# [Data for review]
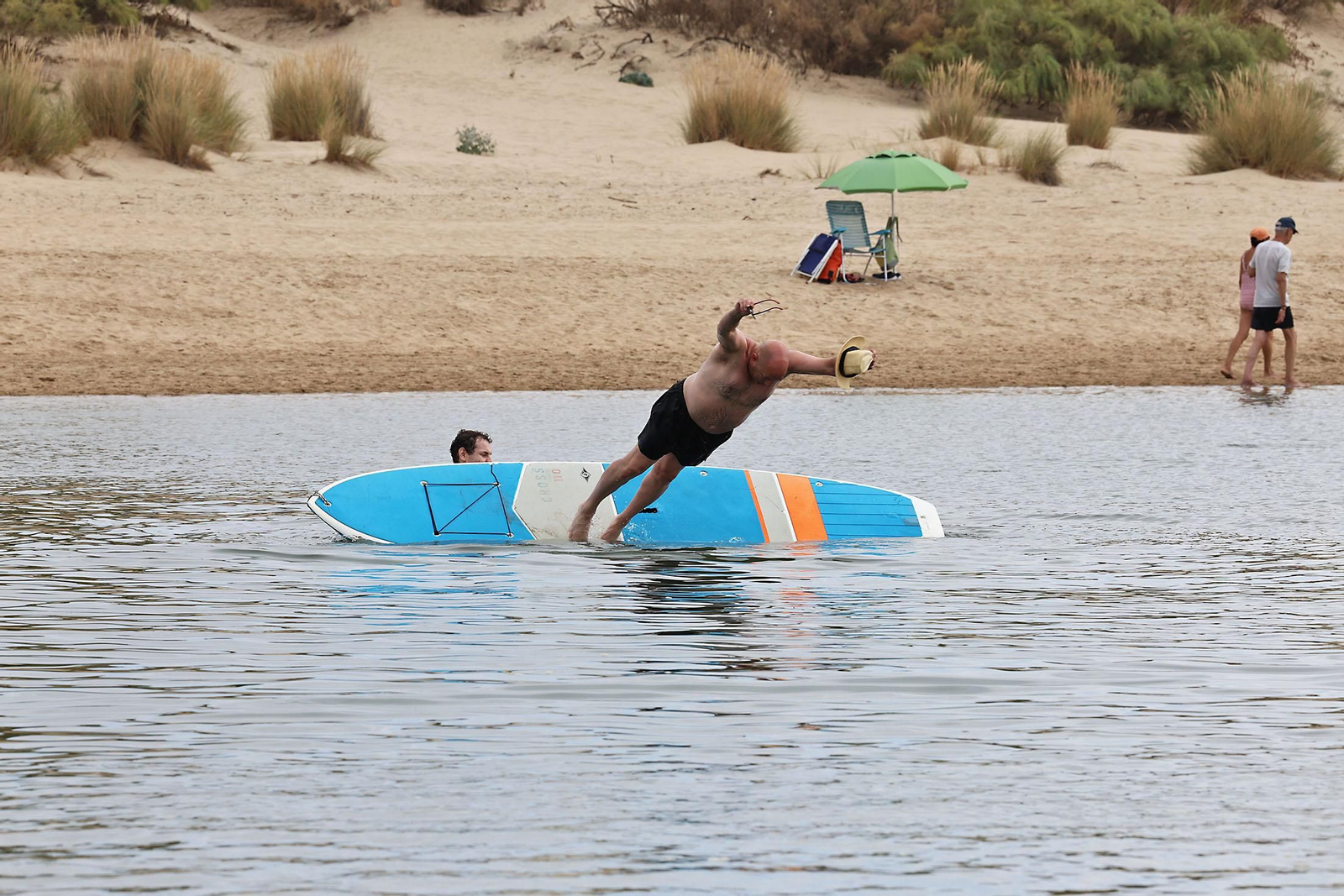 Imágenes del ambiente en las playas de Huelva en la mañana de domingo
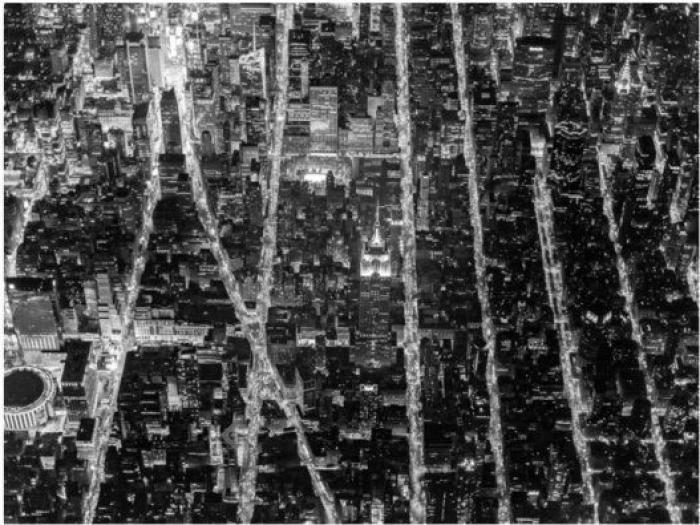 Nueva York parece una ciudad de mentira en estas imágenes aéreas nocturnas (FOTOS)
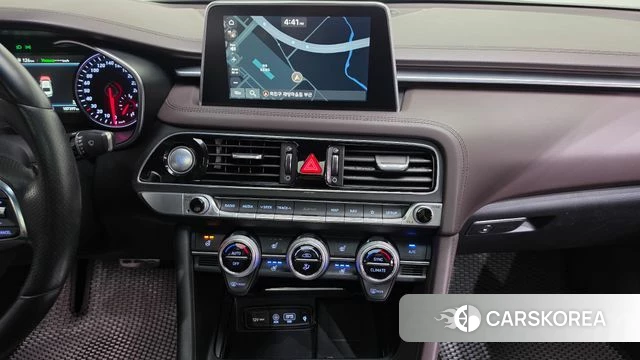 Genesis G70 2018 Черный из Кореи, фото 5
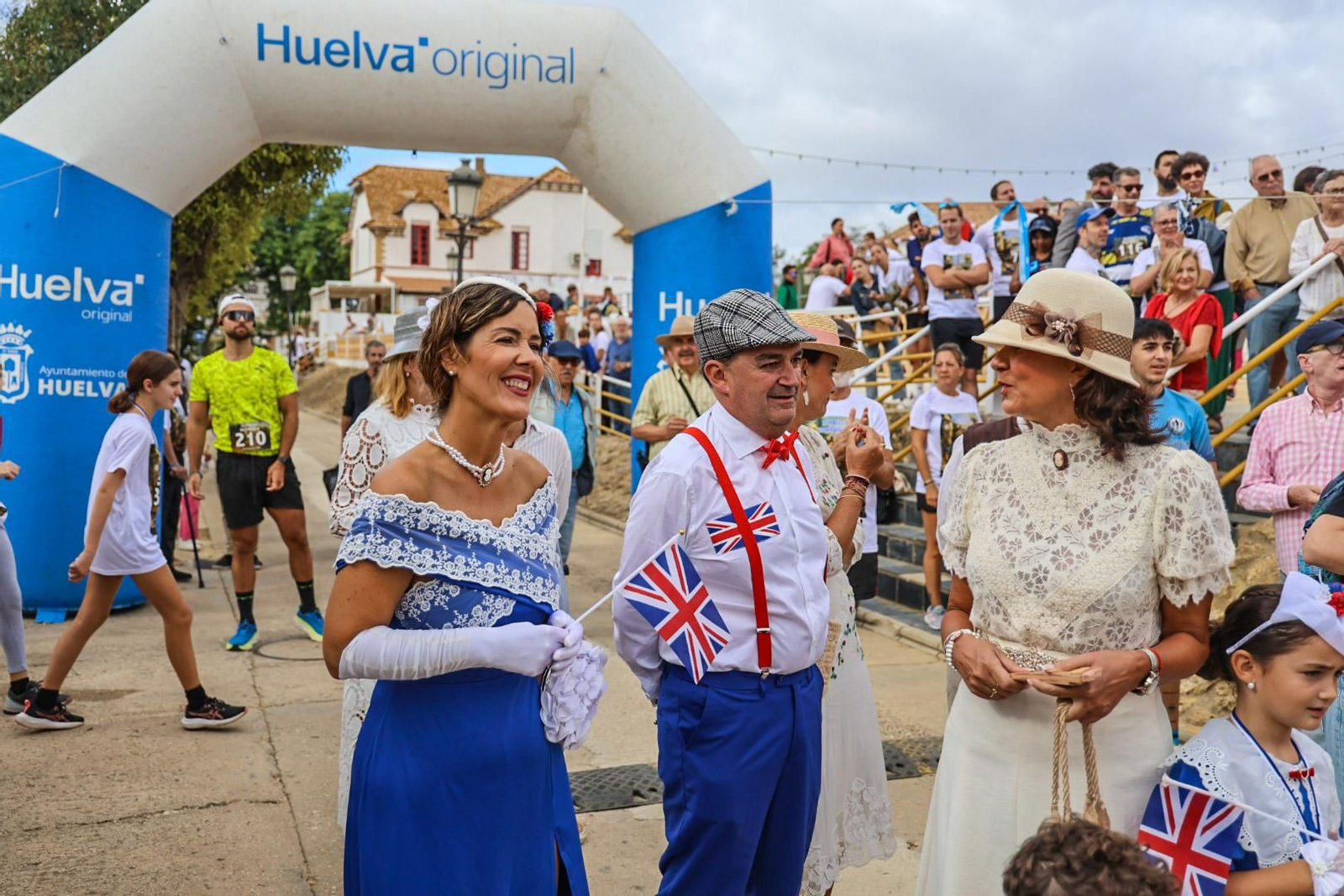 Imágenes de la 'II Milla Británica' en el Barrio Obrero con motivo de la Feria del Legado Británico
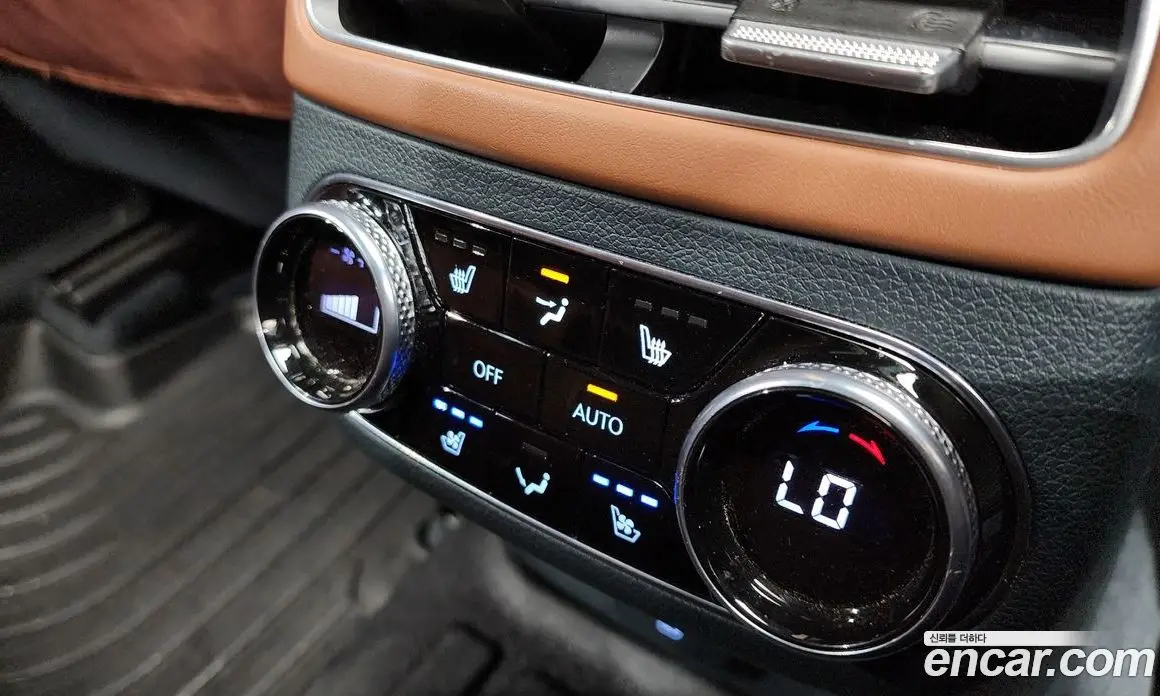 Genesis GV70 2021 2.5 автомат (гидро), фото 28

# [What is needed]
Could every line above be set down exactly, with the pictures omitted?

# [Output for this exercise]
 Imágenes del ambiente en las playas de Huelva en la mañana de domingo
 Nueva York parece una ciudad de mentira en estas imágenes aéreas nocturnas (FOTOS)
 Genesis G70 2018 Черный из Кореи, фото 5
 Imágenes de la 'II Milla Británica' en el Barrio Obrero con motivo de la Feria del Legado Británico
 Genesis GV70 2021 2.5 автомат (гидро), фото 28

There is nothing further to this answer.